Pictures stay out; print the rest of the listing below exactly as it stands.

(SOURCE DATA)

========================

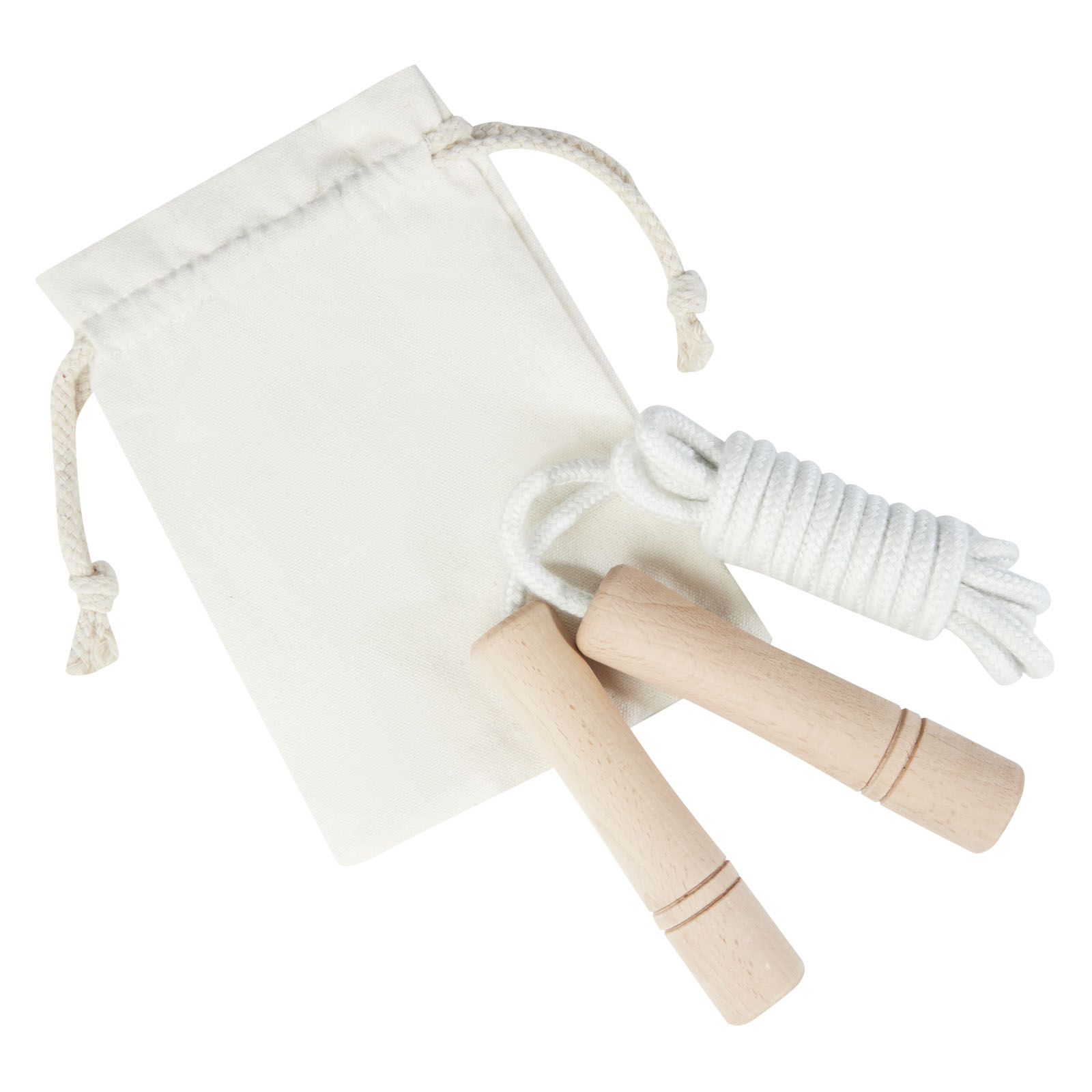 Cuerda de saltar de madera en bolsa de algodón Denise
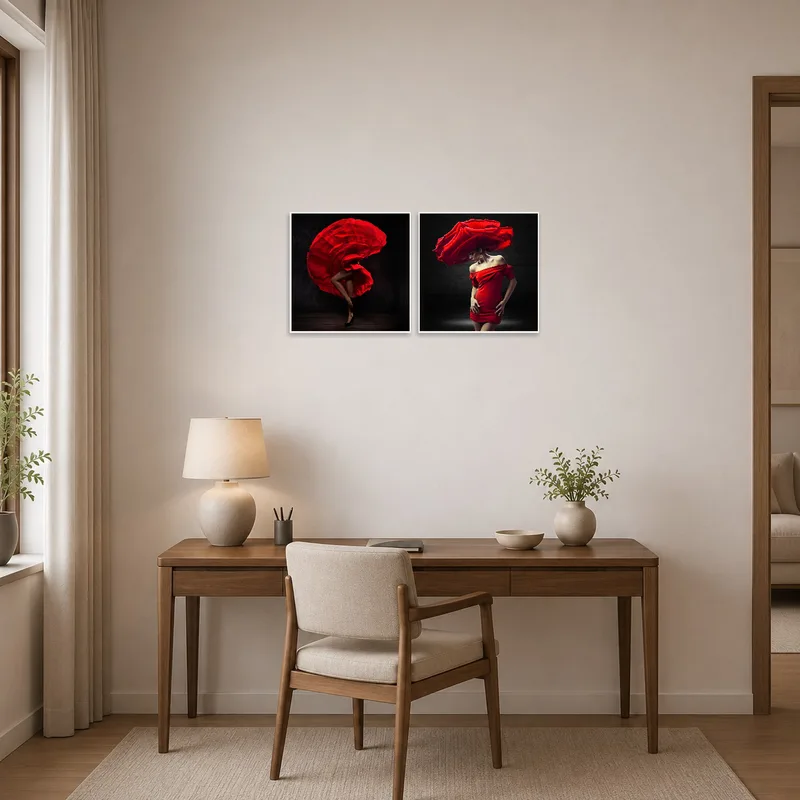 Dynamic red dress fashion art inspiring creativity in a modern home office.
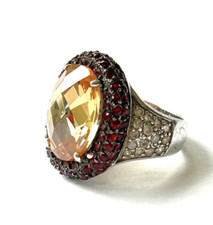 925 Garnet Ring Statement 7 cwt Yellow Garnet Red Garnet Triple Halo Wide Band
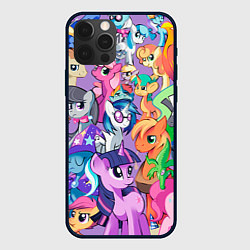 Чехол для iPhone 12 Pro My Little Pony, цвет: 3D-черный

========================

(EXPECTED OUTPUT)
 Cuerda de saltar de madera en bolsa de algodón Denise
 Dynamic red dress fashion art inspiring creativity in a modern home office.
 925 Garnet Ring Statement 7 cwt Yellow Garnet Red Garnet Triple Halo Wide Band
 Чехол для iPhone 12 Pro My Little Pony, цвет: 3D-черный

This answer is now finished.